EXERCISE DETAILS: From the line holding "Emerald Glow Green" through the line holding "mts Pom pom" below, write out every line exactly; include both of those lines and drop the pictures.

EXCERPTED DATA:
--*--

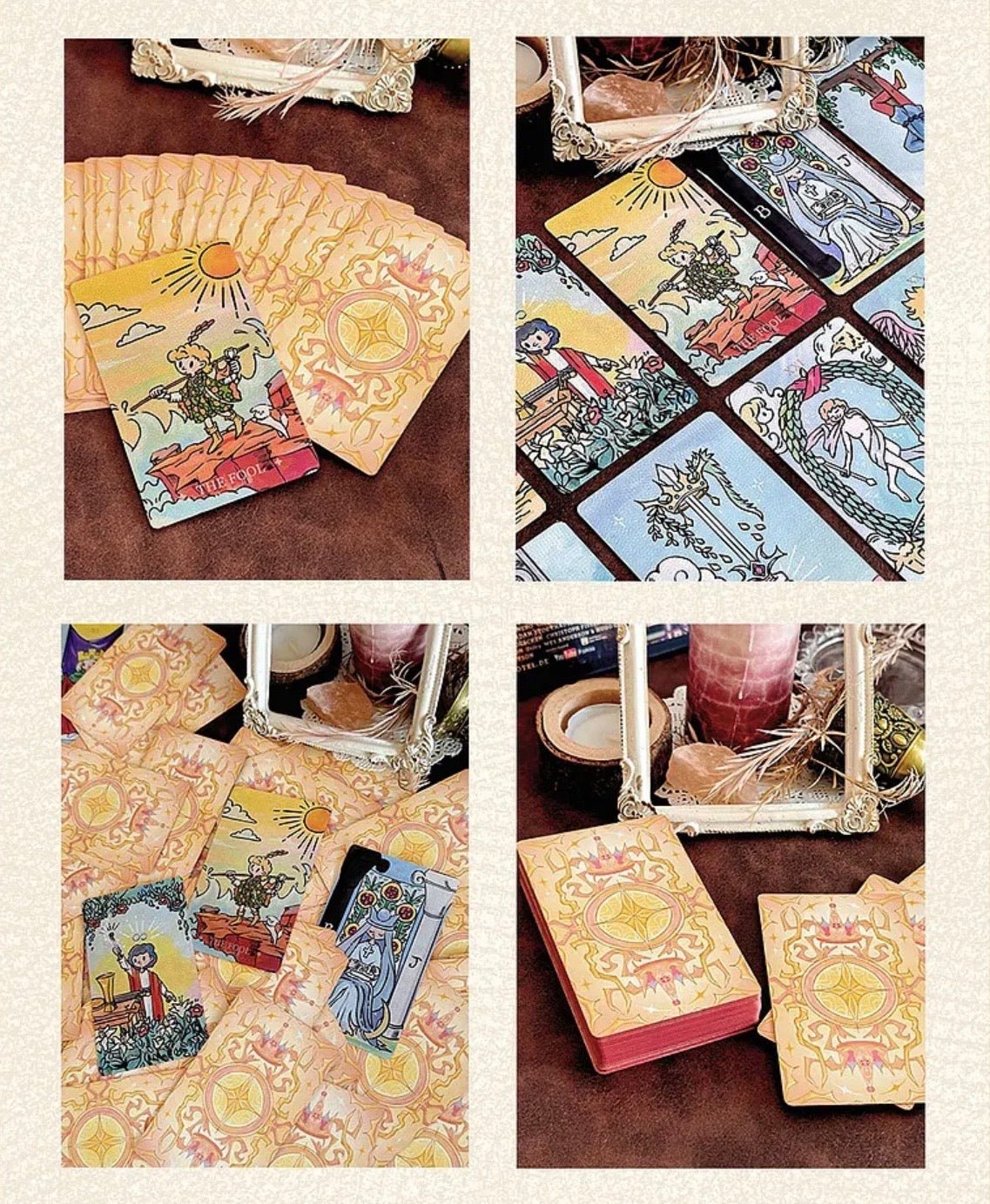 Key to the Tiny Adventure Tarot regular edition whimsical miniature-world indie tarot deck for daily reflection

--*--

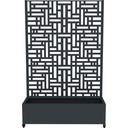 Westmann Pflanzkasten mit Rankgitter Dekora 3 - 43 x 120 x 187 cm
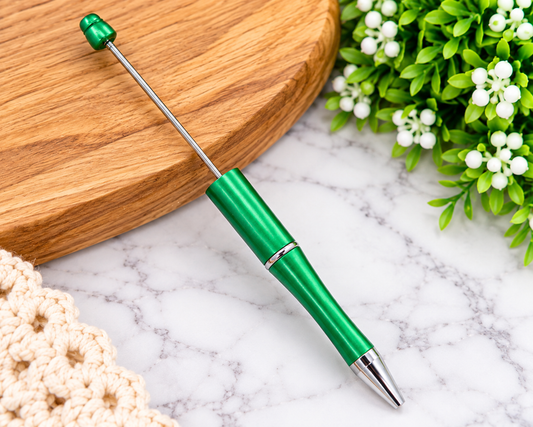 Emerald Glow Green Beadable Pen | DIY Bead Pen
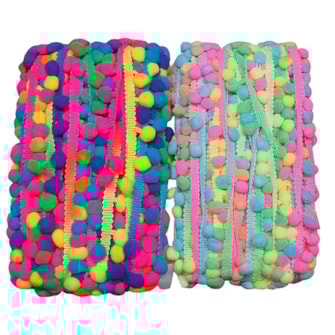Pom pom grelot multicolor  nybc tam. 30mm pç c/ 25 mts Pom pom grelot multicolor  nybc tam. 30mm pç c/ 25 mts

--*--

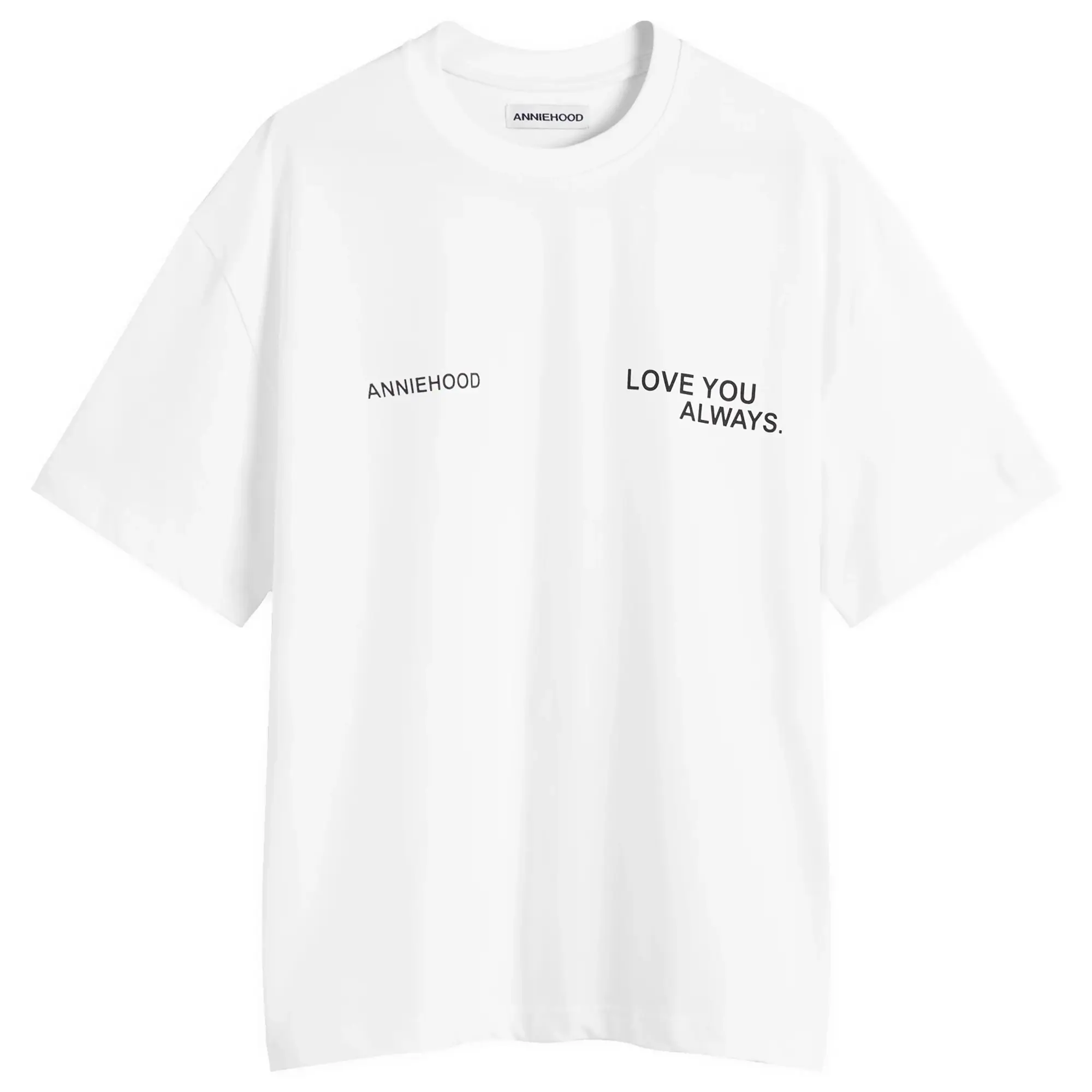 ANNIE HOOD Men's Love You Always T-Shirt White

--*--

WRITTEN RESPONSE:
 Emerald Glow Green Beadable Pen | DIY Bead Pen
Pom pom grelot multicolor  nybc tam. 30mm pç c/ 25 mts Pom pom grelot multicolor  nybc tam. 30mm pç c/ 25 mts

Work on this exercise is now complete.